• _WHAT IS NEEDED_: Return the lines from the start of the data through the line with "RATIA® lasten pyjama, K325120057". Include both of those lines and no others.
>>>
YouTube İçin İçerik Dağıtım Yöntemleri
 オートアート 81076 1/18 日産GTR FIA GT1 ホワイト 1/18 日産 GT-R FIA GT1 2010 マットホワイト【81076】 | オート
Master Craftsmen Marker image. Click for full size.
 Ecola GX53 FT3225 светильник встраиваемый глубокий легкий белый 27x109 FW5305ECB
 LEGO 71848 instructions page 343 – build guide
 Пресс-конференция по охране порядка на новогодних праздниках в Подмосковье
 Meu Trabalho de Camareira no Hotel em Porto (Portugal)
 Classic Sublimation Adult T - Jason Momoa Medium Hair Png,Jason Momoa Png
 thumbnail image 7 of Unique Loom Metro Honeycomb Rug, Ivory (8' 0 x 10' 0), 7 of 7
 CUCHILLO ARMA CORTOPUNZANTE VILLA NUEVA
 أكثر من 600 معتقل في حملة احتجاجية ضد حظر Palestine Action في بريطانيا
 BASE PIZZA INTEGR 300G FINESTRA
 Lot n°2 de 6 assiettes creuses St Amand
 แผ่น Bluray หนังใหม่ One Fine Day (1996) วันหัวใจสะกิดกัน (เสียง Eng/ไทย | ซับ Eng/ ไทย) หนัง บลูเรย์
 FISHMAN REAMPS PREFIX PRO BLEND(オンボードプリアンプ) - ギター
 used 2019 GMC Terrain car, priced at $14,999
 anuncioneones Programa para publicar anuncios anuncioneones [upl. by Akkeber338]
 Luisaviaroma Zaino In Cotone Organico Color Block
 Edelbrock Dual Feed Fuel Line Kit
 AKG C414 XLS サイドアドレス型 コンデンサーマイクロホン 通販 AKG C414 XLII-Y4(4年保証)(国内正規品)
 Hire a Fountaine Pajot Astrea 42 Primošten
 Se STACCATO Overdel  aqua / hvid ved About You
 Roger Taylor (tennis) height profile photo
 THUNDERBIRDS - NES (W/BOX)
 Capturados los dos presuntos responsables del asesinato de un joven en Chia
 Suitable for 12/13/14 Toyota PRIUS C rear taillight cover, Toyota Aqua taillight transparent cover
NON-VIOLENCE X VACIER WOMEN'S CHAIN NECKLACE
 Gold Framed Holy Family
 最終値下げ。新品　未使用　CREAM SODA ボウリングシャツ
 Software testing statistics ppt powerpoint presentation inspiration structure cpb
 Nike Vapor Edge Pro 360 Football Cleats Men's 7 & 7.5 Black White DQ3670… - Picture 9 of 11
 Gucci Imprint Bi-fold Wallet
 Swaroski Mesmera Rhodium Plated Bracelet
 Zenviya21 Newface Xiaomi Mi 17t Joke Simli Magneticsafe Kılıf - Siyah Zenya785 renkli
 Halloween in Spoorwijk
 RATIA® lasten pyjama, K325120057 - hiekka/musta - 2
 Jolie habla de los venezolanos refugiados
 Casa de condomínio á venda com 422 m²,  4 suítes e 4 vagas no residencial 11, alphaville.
<<<
• _RESPONSE TO THE TASK_:
YouTube İçin İçerik Dağıtım Yöntemleri
 オートアート 81076 1/18 日産GTR FIA GT1 ホワイト 1/18 日産 GT-R FIA GT1 2010 マットホワイト【81076】 | オート
Master Craftsmen Marker image. Click for full size.
 Ecola GX53 FT3225 светильник встраиваемый глубокий легкий белый 27x109 FW5305ECB
 LEGO 71848 instructions page 343 – build guide
 Пресс-конференция по охране порядка на новогодних праздниках в Подмосковье
 Meu Trabalho de Camareira no Hotel em Porto (Portugal)
 Classic Sublimation Adult T - Jason Momoa Medium Hair Png,Jason Momoa Png
 thumbnail image 7 of Unique Loom Metro Honeycomb Rug, Ivory (8' 0 x 10' 0), 7 of 7
 CUCHILLO ARMA CORTOPUNZANTE VILLA NUEVA
 أكثر من 600 معتقل في حملة احتجاجية ضد حظر Palestine Action في بريطانيا
 BASE PIZZA INTEGR 300G FINESTRA
 Lot n°2 de 6 assiettes creuses St Amand
 แผ่น Bluray หนังใหม่ One Fine Day (1996) วันหัวใจสะกิดกัน (เสียง Eng/ไทย | ซับ Eng/ ไทย) หนัง บลูเรย์
 FISHMAN REAMPS PREFIX PRO BLEND(オンボードプリアンプ) - ギター
 used 2019 GMC Terrain car, priced at $14,999
 anuncioneones Programa para publicar anuncios anuncioneones [upl. by Akkeber338]
 Luisaviaroma Zaino In Cotone Organico Color Block
 Edelbrock Dual Feed Fuel Line Kit
 AKG C414 XLS サイドアドレス型 コンデンサーマイクロホン 通販 AKG C414 XLII-Y4(4年保証)(国内正規品)
 Hire a Fountaine Pajot Astrea 42 Primošten
 Se STACCATO Overdel  aqua / hvid ved About You
 Roger Taylor (tennis) height profile photo
 THUNDERBIRDS - NES (W/BOX)
 Capturados los dos presuntos responsables del asesinato de un joven en Chia
 Suitable for 12/13/14 Toyota PRIUS C rear taillight cover, Toyota Aqua taillight transparent cover
NON-VIOLENCE X VACIER WOMEN'S CHAIN NECKLACE
 Gold Framed Holy Family
 最終値下げ。新品　未使用　CREAM SODA ボウリングシャツ
 Software testing statistics ppt powerpoint presentation inspiration structure cpb
 Nike Vapor Edge Pro 360 Football Cleats Men's 7 & 7.5 Black White DQ3670… - Picture 9 of 11
 Gucci Imprint Bi-fold Wallet
 Swaroski Mesmera Rhodium Plated Bracelet
 Zenviya21 Newface Xiaomi Mi 17t Joke Simli Magneticsafe Kılıf - Siyah Zenya785 renkli
 Halloween in Spoorwijk
 RATIA® lasten pyjama, K325120057 - hiekka/musta - 2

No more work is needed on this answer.